16 bit quantization

Hey everyone,

I’m working on a project where I need to quantize a neural network to 16-bit. My workflow itself works well, but I’m running into an issue: when I use precision mode to quantize the model to 16-bit, the weights and activations end up in the range 0 to 32,000 (even though I expect them to be in –32,000 to 32,000).
When I use the default INT8 optimization, everything is correctly represented in the range –128 to 127.

Can someone explain why this happens or how I can fix it? Does this have something to do with the zero-point?

Thank you very much,
Lars

Hey @Lars_Hofmann ,

Good question! What you’re seeing—quantized values in the 0 to ~32,000 range when using 16-bit—is expected with Hailo’s quantization. It’s not an issue with the 16-bit mode itself.

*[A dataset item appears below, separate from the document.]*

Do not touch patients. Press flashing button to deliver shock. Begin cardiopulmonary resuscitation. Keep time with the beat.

Hailo uses unsigned integers for all quantized values. The actual (real) values are recovered using a scale and zero-point (qp_scale, qp_zp). So even though the stored ints are non-negative, the real values can still be negative or symmetric around zero.

Key points:

  • Seeing only positive values in histograms is expected.
  • The real dynamic range depends on the scale and zero-point.
  • You can constrain real output ranges using force_range_out, e.g.:
quantization_param(conv1, force_range_out=[-1.0, 1.0])

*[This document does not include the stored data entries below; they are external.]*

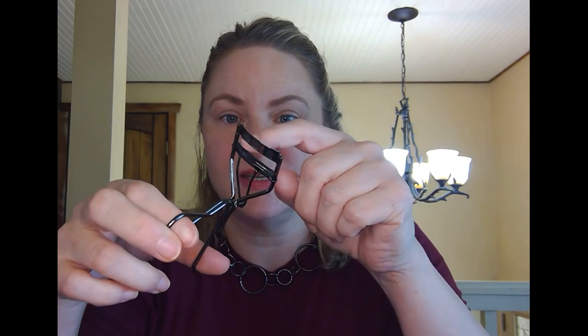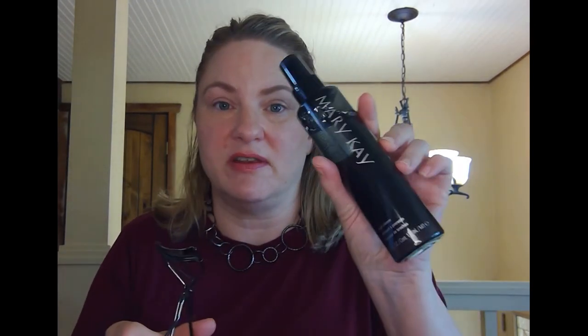Another great tool to have is an eyelash curler. We have one that works really well and it comes with replacement rubber. You should clean it too — our eyelashes are full of bacteria and eye mites, which is gross, so make sure you're cleaning it regularly. The brush cleaner or the micellar water both work well — just spray or wipe it on and clean it right off.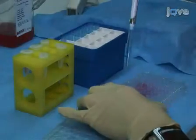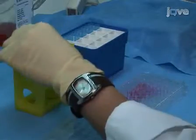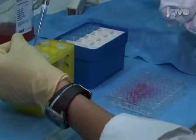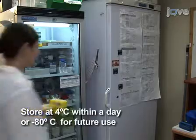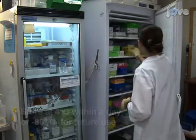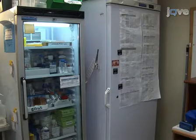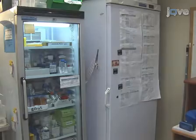In addition, collect supernatants on various days between day 6 and 12, and store at 4 degrees for use within a day, or aliquot and store at minus 20 or minus 80 for future use. The supernatants can be analyzed by various techniques, such as ELISA for VEGF or grease assay for nitric oxide levels.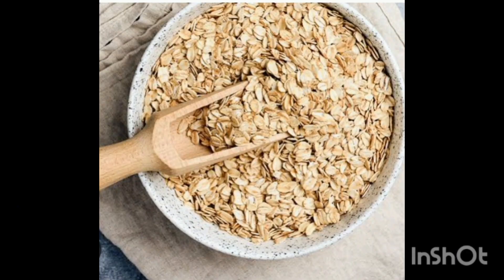Oats are a rich source of vitamins, minerals, fiber, and antioxidants. They are a good source of carbohydrates and fiber. They are high in antioxidants called avenanthramides, which have anti-inflammatory and anti-itching effects. Oats contain beta-glucan, a fiber which reduces blood glucose and increases the growth of good bacteria in the digestive tract. They can also reduce LDL, that is bad cholesterol.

This behavior is part of how Hailo’s quantization works—not a bug.

Hope that helps!

Hello @Omria,

Thank you for your quick response.
Our inputs and outputs are as follows:

Inputs:
19 float32 inputs in the range –1 to 1.
Outputs:
Output 1: float32 in the range 0 to 1.1
Output 2: float32 in the range –1.1 to 1.1

Before sending the data, we manually quantized the inputs into a range of 0 to 255, meaning:
0 corresponds to –1
127 corresponds to 0
255 corresponds to 1

After inference, we dequantized the outputs as follows:
Output 1:
0 corresponds to 0
255 corresponds to 1.1

Output 2:
0 corresponds to –1.1
127 corresponds to 0
255 corresponds to 1.1

We want the model to run in 8-bit and ideally also in 16-bit precision.

For running our HEF, we currently use a single input stream and a single output stream. The challenge is that we have two outputs with different value ranges. Does this mean we need separate output streams for each output? If so, how should this be set up?
For calibration, we used realistic simulation data. Based on this, are the zero-point and scaling factors derived automatically?

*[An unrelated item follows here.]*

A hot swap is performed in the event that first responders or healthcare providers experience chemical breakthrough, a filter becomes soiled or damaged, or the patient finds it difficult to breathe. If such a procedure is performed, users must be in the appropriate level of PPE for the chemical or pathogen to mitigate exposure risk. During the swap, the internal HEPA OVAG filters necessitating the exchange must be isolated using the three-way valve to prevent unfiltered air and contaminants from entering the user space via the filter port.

Below is the architecture of the network:

Hey @Lars_Hofmann,

You do not need to manually handle the 0/127/255 mappings or create multiple vstreams solely because your outputs have different ranges. Here is how it works:

How Hailo Handles Quantization

When you compile your model, the Dataflow Compiler automatically assigns quantization parameters (qp_scale and qp_zp) to each input and output layer in the HEF. The transformations operate as follows:

  • Input (host → device): x_device = x_host / qp_scale + qp_zp
  • Output (device → host): y_host = (y_device - qp_zp) * qp_scale

Handling Different Output Ranges

Each output layer receives its own quantization parameters, so having different ranges such as:

  • Output 1: [0, 1.1]
  • Output 2: [-1.1, 1.1]

is fully supported. The compiler derives separate qp_scale and qp_zp values for each output during calibration. You need separate vstreams only if your HEF contains multiple output tensors—not merely because the ranges differ.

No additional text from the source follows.